PROBLEM =>
Write again exactly the lines in the listing below, starting at the line with "FOLIJA BALONS 24&QUOT;" and ending at the line with "Portable Silicone BBQ", both included. Pictures are not copied.

MATERIAL SUPPLIED =>
----------------

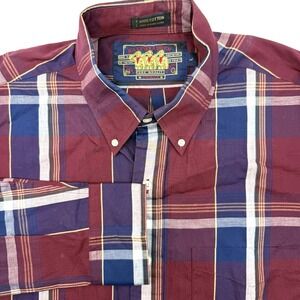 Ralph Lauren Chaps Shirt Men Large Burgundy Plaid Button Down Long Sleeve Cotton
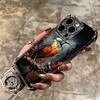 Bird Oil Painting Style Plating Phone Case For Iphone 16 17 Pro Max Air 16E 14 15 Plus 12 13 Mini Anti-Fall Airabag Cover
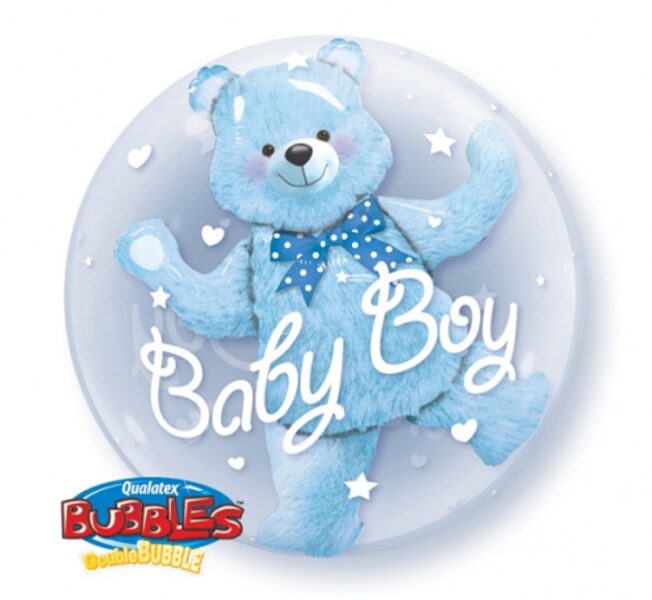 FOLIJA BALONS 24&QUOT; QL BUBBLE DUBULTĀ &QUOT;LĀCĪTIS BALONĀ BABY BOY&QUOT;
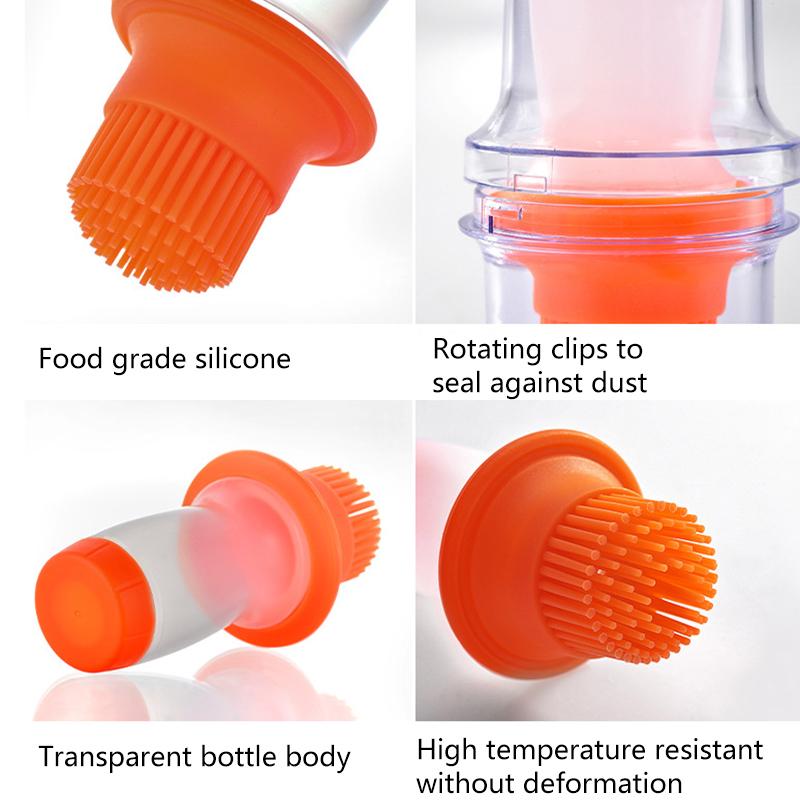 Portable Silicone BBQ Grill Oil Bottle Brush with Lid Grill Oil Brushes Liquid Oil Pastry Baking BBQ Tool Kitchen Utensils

----------------

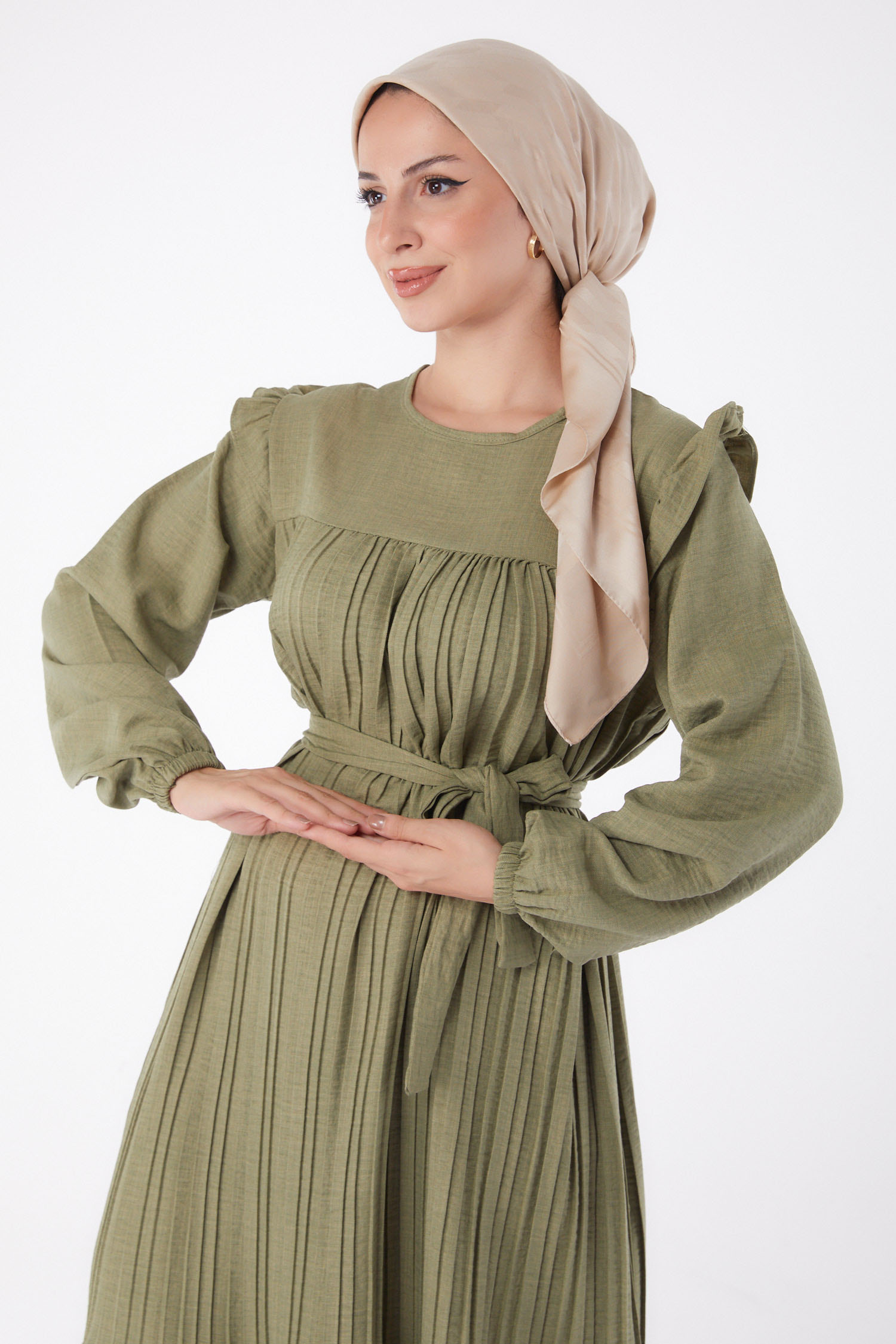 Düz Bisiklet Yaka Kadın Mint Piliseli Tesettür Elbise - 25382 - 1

----------------

TASK OUTPUT =>
 FOLIJA BALONS 24&QUOT; QL BUBBLE DUBULTĀ &QUOT;LĀCĪTIS BALONĀ BABY BOY&QUOT;
 Portable Silicone BBQ Grill Oil Bottle Brush with Lid Grill Oil Brushes Liquid Oil Pastry Baking BBQ Tool Kitchen Utensils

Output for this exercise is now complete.